After a lengthy period stuck in administration, the U.K.’s equivalent of Chapter 11 protections, department store chain BHS has announced that its failure to locate a qualified buyer for its troubled assets leaves it one way out: liquidation. Not only will the brand’s remaining stores and stock be chopped up and sold off to make good on debts to suppliers-turned-creditors, but as many as 8,000 in-store employees will soon find themselves out of work — plus an additional 3,000 workers who weren’t BHS employees but relied on the retailer’s operations for their livings.
More troubling, said Philip Duffy, joint administrator of the BHS bid, was the market forces that seemed to push BHS toward its inevitable liquidated fate.

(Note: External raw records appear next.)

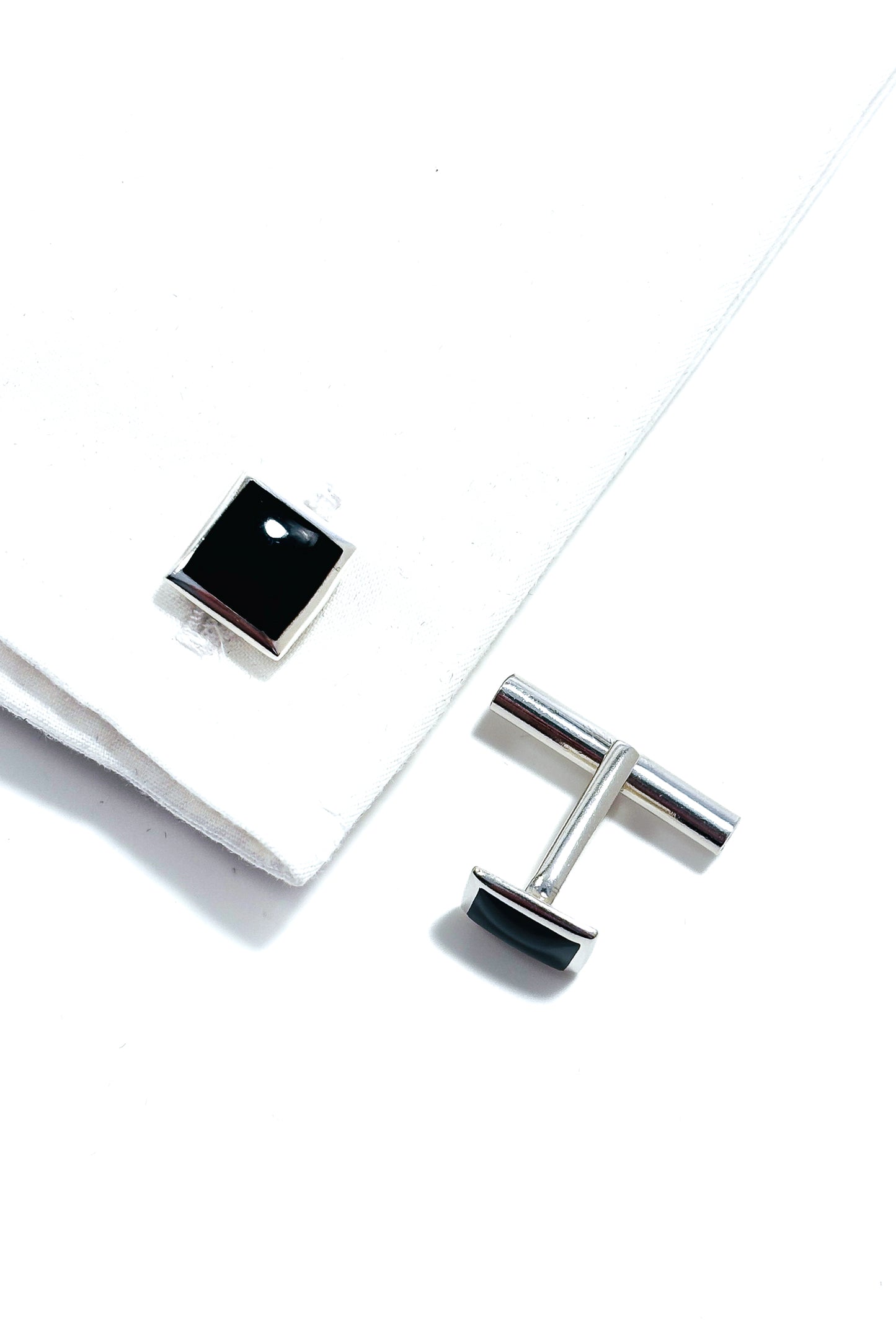 925 silver plain black design cufflinks.
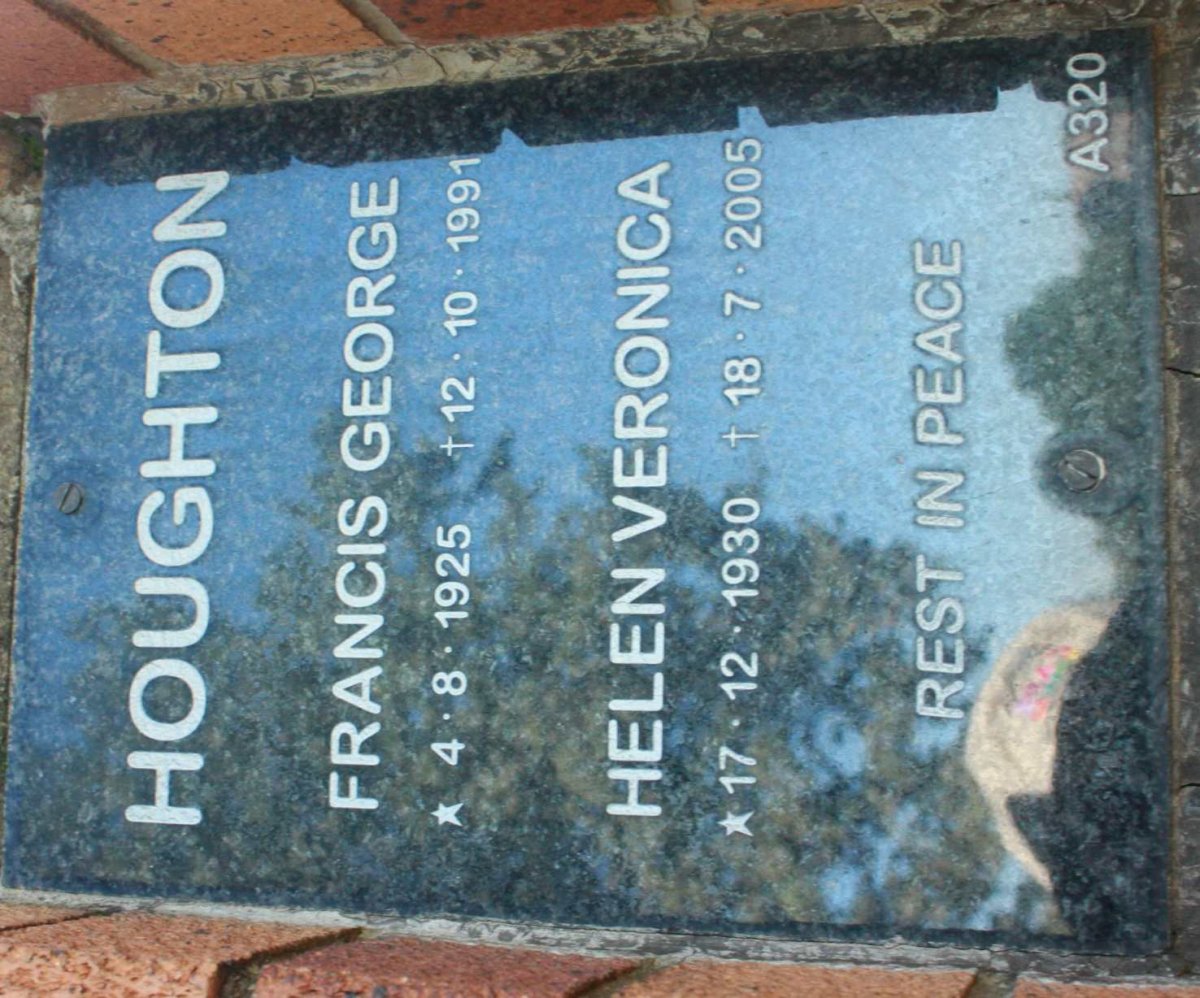 HOUGHTON Francis George 1925-1991 &amp; Helen Veronica 1930-2005
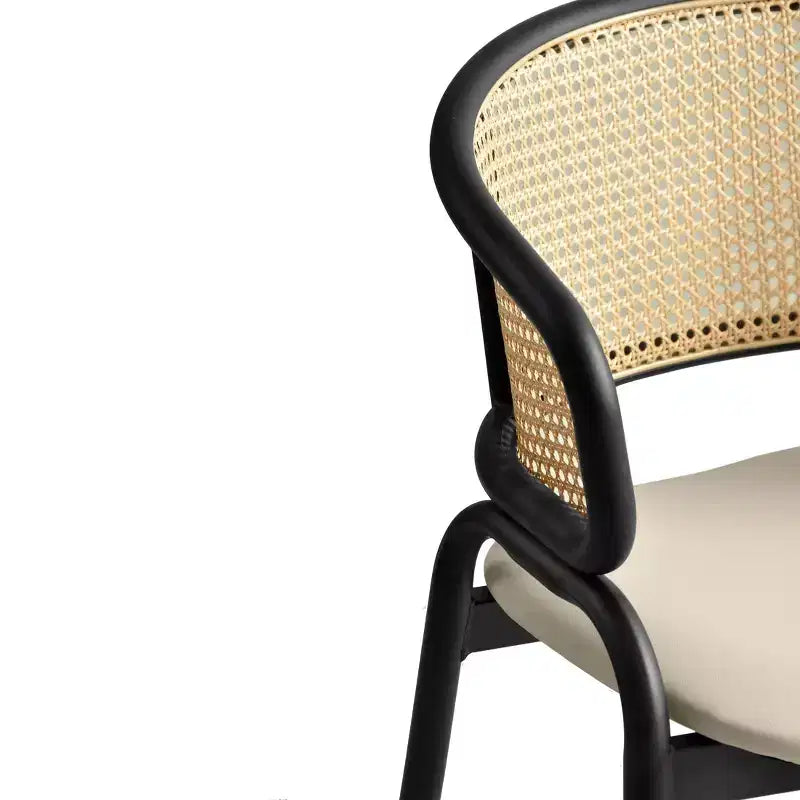 Juego de 4 sillas de comedor LeisureMod Ervilla con respaldo de mimbre y asiento de cuero con estructura de acero negro, cocina moderna de interior, comedor, asientos de mesa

“The British High Street is changing, and in these turbulent times for retailers, BHS has fallen as another victim of the seismic shifts we are seeing,” Duffy said. “The tireless work and goodwill of the existing management team and employees of BHS, with the support of my team, were not enough to change the fortunes of the company.”
It’s sure to be a bitter pill to swallow — much more so than anything served up in a London pub.
BHS may have the indignity of making the biggest splash on the store closure front over the past week, but it wasn’t the only one to shutter once-thriving locations. While BHS’ decision was made out of financial necessity, though, Ralph Lauren‘s choice to close 50 high-end shops is more of a course correction than a last-gasp effort.
Constituting about 10 percent of Ralph Lauren’s brick-and-mortar footprint, CEO Stefan Larsson told The Wall Street Journal that these high-margin locations weren’t producing for what they cost to keep, and along with corporate restructuring that could have about 8 percent of full-time employees shown the door, Larsson hopes the moves are enough to help its core brands — Ralph Lauren, Polo and Lauren — regain the prominence they once enjoyed.
“Our performance has been disappointing over the last three years, and it doesn’t match the strength of the brand,” Larsson said.
Only time will tell if fewer physical store fronts will help the company that’s battling against nimbler fast-fashion merchants and the ever-growing spate of online boutiques that won’t ever have to pay for or close a store in their inanimate lives.
In relation to the thousands potentially at risk of losing their jobs in the BHS meltdown and the Ralph Lauren shakeup, Keurig and Amazon are not kicking near that many employees to the curb. However, the small number they did show the door last week led to some interesting insights.
First, Keurig’s decision to discontinue production of its cold-brewing soda machine — aptly named Kold — is expected to land approximately 100 employees in its Vermont-based corporate headquarters out of work. The move comes just a few short months after the Kold machine launched in Sept. 2015, and at $369.99 a pop — pun intended, though the soda K-Cups required for the machine also cost more than $1 a piece — the cumbersome brewing appliance never gained the traction necessary to make itself a viable product.
Amazon also took some hard looks at the way it does business, particularly in the method its contractors use to make one-hour and same-day deliveries in urban areas. The Seattle Times reported that Fleetfoot, an Amazon contractor, laid off about 40 bike messengers as word came down from corporate that the eCommerce giant would only be accepting cars as a delivery format moving forward. Citing a desire to have more uniform delivery experiences, Amazon and Fleetfoot nixed pedal-powered couriers in the Emerald City, which could have implications in other cities moving forward.
Fleetfoot did express hope “that a week or two without our services will cause them to reconsider and ask us back,” but Amazon isn’t usually one to rethink the decisions it makes when speedy deliveries hang in the balance.